A New Twist in the Same Sex Marriage Debate

CAMBRIDGE, Mass. --Attorney General Martha Coakley on Friday warned that a proposed state constitutional referendum seeking to ban gay marriage may be unconstitutional and may trigger protracted litigation if voters endorse the change in the nation's oldest state constitution.

Coakley, in remarks prepared for delivery to the Massachusetts Lesbian and Gay Bar Association, urged the group to press legislators to keep the question off the 2008 ballot. But if the lawmakers reject their calls, the state's chief law enforcement official said she would support those challenging the change.

Coakley addressed the group a day after Gov. Deval Patrick said he was actively lobbying legislators to kill the proposed amendment before it is put on the 2008 ballot.

Lawmakers on Wednesday postponed a vote until at least June 14 after a joint session of the House and Senate convened and quickly recessed without the vote.

Before it can reach the ballot, the proposed amendment needs the backing of a quarter of the state's legislators -- 50 lawmakers -- in two successive sittings of the Legislature. It won approval in the previous Legislature in January, on the final day of the session.

Coakley said that even though the Supreme Judicial Court ruled last July that the proposed amendment could be placed on the ballot if approved by the Legislature, at least two justices also questioned whether the amendment is constitutional.

She quoted a joint court opinion by Justices John Greaney and Roderick Ireland saying the 2003 SJC decision that legalized same-sex marriage "may be irreversible because of its holding that no rational basis exist, or can be advanced, to support the definition of marriage" as only between a man and a woman.
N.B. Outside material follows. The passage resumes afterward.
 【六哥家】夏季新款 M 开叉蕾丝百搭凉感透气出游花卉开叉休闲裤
The opinion also noted that the amendment would discriminate against same-sex couples by removing rights they already had been granted.

Some 8,500 same-sex couples have married in Massachusetts since the state offered the first civil marriage licenses to gay couples three years ago this month, Coakley said.
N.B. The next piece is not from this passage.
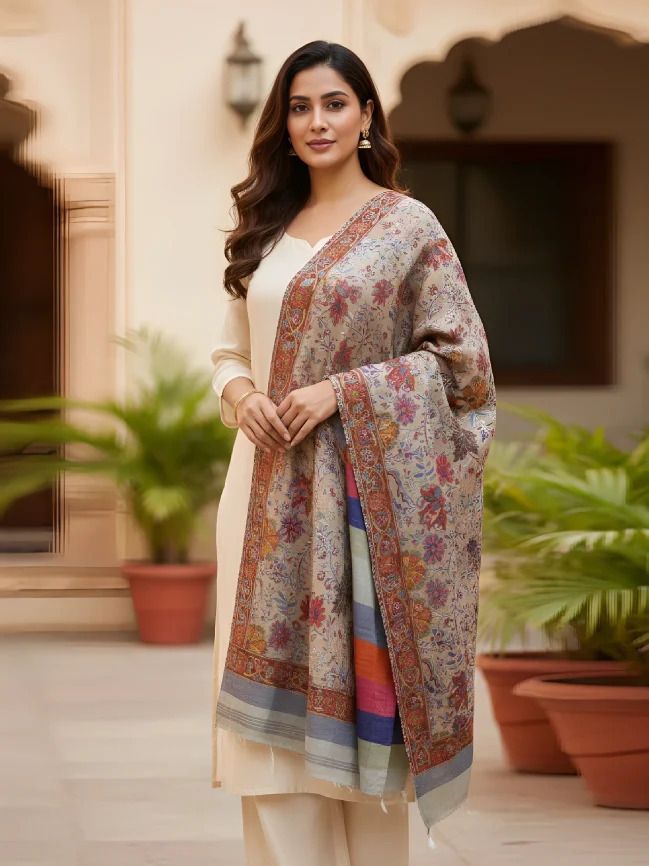 rangtoosh Wool Embroidered Men, Women Shawl-image-17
"The sky has not fallen and life goes on ... the institution of marriage is alive and well" in the state, despite predictions that same-sex marriages would wreak havoc, she said.

Neither the Massachusetts nor the U.S. constitution "has ever been an instrument of discrimination and we shouldn't start now," Coakley said.
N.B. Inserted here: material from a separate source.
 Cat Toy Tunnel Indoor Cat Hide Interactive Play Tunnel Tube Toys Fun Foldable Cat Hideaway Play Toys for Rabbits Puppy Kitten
"I believe it would be a travesty to the oldest constitution in the country, a constitution anchored by John Adams and one which has such a proud tradition of championing and expanding civil rights ... to now be used to take away rights for a segment of the population," she said.

She said she expects "protracted, hard-fought litigation" challenging the constitutionality of the amendment if it were passed.

"If that battle is necessary, you have my support," Coakley said.


This is an excellent development and one to surely get a lot of discussion in the days ahead.